Hayden introduces her story with her receiving a Facebook message from a Libyan jail in August 2018, going on to briefly describe the situation for refugees/asylum seekers/economic migrants in Libya.
She then starts her story properly with Essey in Eritrea (a country about which I knew nothing apart from its location). He makes his way across Ethiopia and Sudan, to Libya, where he unsuccessfully tries to travel by people smugglers’ dinghy to Europe. Having been stopped by Libyan coastal patrols twice and getting his extended family to pay bribes to get him freed, his family runs out of money and he is imprisoned in Libya.
Hayden uses Essey’s case to discuss the political situation in Libya, the position of the EU in funding Libyan coastguards, so that refugees will not make it to EU waters, where they would have refugee status and the work done by the various UN bodies involved with refugees, partially funded by the EU.

Aside from all this, it was going to Sudan, in 2017, that really made me question which stories we hear about refugees, and how murky the truth can become when the biggest humanitarian organisation filtering them is also constantly angling for donations from states. As a journalist, my job is to elevate voices that may be overlooked, while making efforts to hold powerful individuals, organisations, and governments accountable. The power imbalance between UNHCR's staff, who have the ability to grant refugee status and the accompanying documentation and even transfer people to another state, and refugees, who have fled their countries and often lack legal rights, property, belongings, their family and communities, is one of the largest I can imagine, and therefore ripe for exploitation.

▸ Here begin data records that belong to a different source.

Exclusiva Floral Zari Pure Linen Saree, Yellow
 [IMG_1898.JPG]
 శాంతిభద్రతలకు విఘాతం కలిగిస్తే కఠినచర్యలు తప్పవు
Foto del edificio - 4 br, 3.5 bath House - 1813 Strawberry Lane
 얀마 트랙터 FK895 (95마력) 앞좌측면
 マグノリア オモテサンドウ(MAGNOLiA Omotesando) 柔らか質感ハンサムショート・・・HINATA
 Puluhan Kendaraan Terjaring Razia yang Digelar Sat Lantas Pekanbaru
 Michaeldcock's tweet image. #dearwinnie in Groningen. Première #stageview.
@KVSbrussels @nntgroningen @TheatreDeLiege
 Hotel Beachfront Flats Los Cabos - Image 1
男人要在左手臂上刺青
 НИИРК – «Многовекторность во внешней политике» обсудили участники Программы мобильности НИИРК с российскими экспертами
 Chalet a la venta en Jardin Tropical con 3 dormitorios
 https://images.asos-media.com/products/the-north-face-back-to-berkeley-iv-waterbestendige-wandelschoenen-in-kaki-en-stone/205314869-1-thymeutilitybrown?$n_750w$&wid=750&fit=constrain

This can be a distressing book to read, for example when it recounts the problem of disposing of dead bodies of Christian refugees from Eritrea, when Muslims will not allow them to be buried in Muslim graveyards (page 276): By early 2019, so many people had died in Zintan that it became a logistical problem. The refrigerated area where the bodies were stored was full, and the local community of Muslims would not allow Christians to be buried in their cemetery. “Administrative reasons.” an aid worker explained to me. 'Having dead people is a burden.”

Hayden’s narrative is interspersed with quotes from text messages she has received, which purposefully break the flow of the story, successfully simulating the fractured nature of how events occurred.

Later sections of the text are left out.